### [What to work on]
From the first line to the last, copy the material exactly and leave the pictures out.

### [Given data]

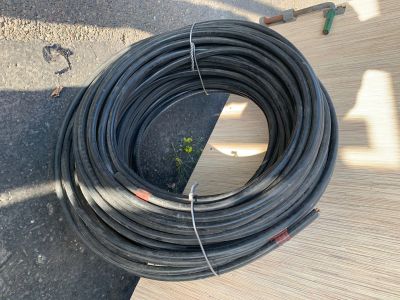 Лот: 16393149. Фото: 1. Силовой кабель ВВГнг-LS 3х16. Провода, кабели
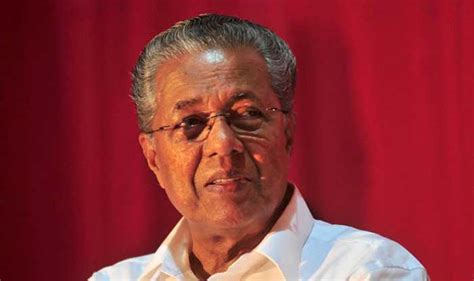 Black flags shown to Kerala Chief Minister Pinarayi Vijayan, ministers ...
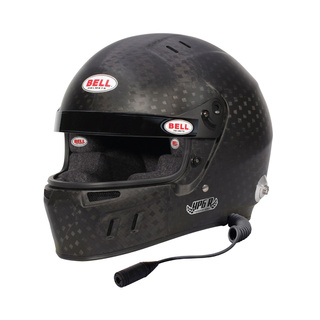 Kask Bell HP6 Rally czarny (FIA) Kask Bell HP6 Rally czarny (FIA)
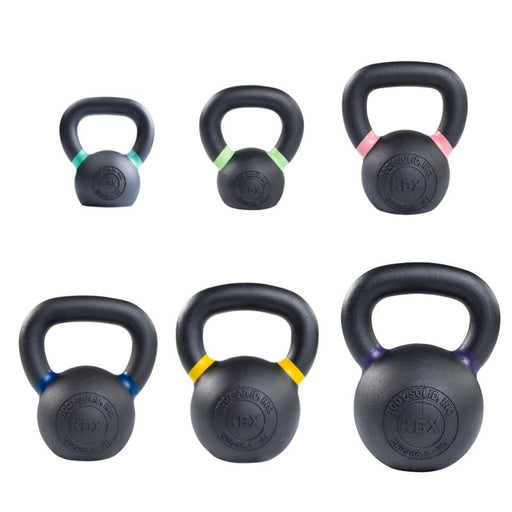 ESCAPE FITNESS SBX KETTLEBELL SET WITH RIGID RACK - Gym Equipment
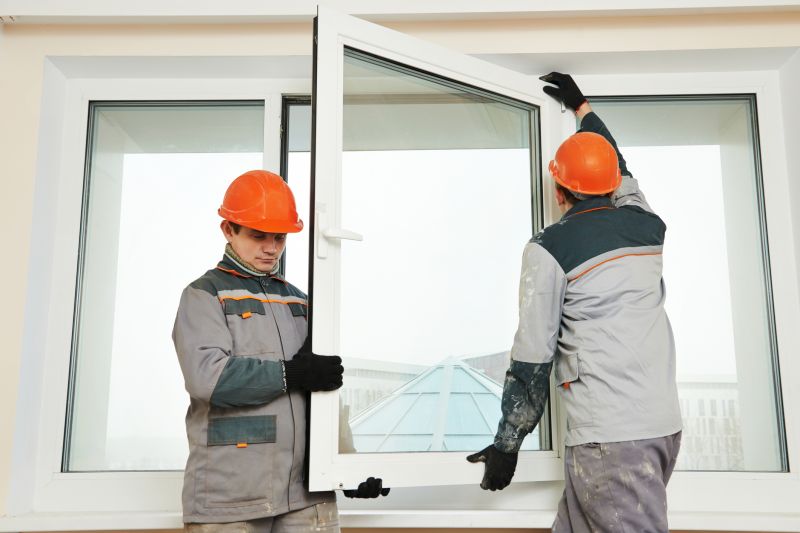 Energy-efficient window upgrade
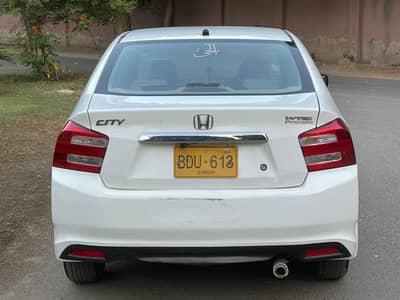 Honda City 2015 Aspire 1.5 Auto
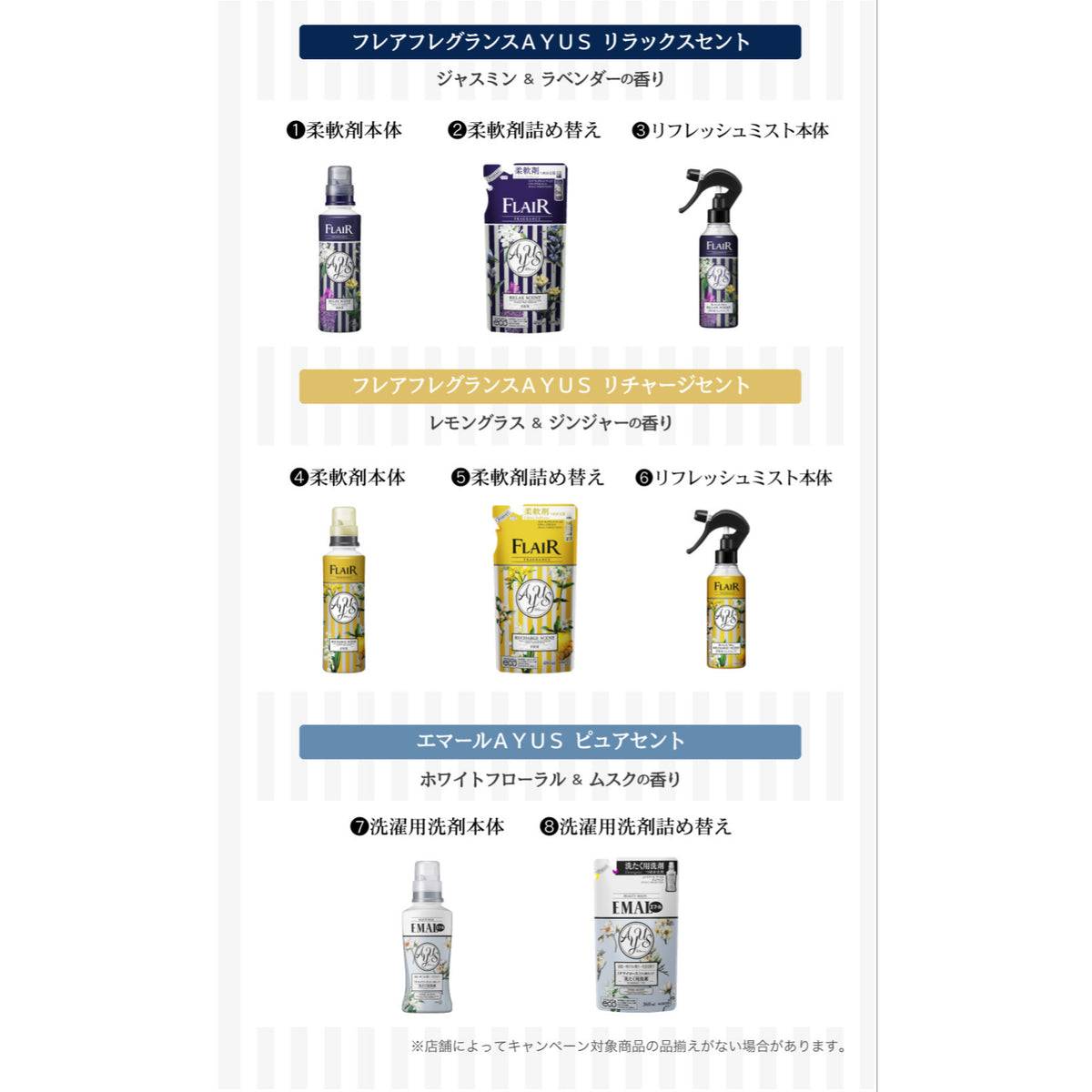 限定 花王 フレアフレグランス 柔軟剤 レモングラス＆ジンジャー480ml 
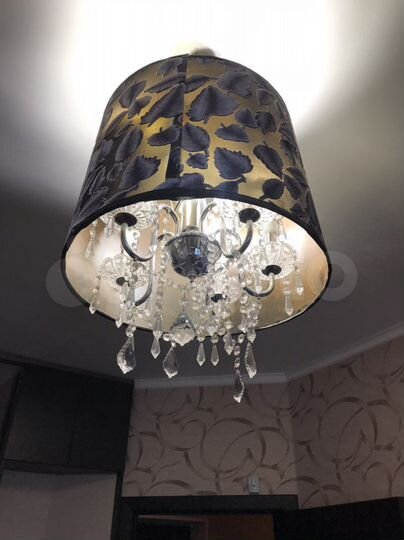 1-к. квартира, 40 м², 6/9 эт.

### [Solution to this task]
 Лот: 16393149. Фото: 1. Силовой кабель ВВГнг-LS 3х16. Провода, кабели
 Black flags shown to Kerala Chief Minister Pinarayi Vijayan, ministers ...
 Kask Bell HP6 Rally czarny (FIA) Kask Bell HP6 Rally czarny (FIA)
 ESCAPE FITNESS SBX KETTLEBELL SET WITH RIGID RACK - Gym Equipment
 Energy-efficient window upgrade
 Honda City 2015 Aspire 1.5 Auto
 限定 花王 フレアフレグランス 柔軟剤 レモングラス＆ジンジャー480ml 
 1-к. квартира, 40 м², 6/9 эт.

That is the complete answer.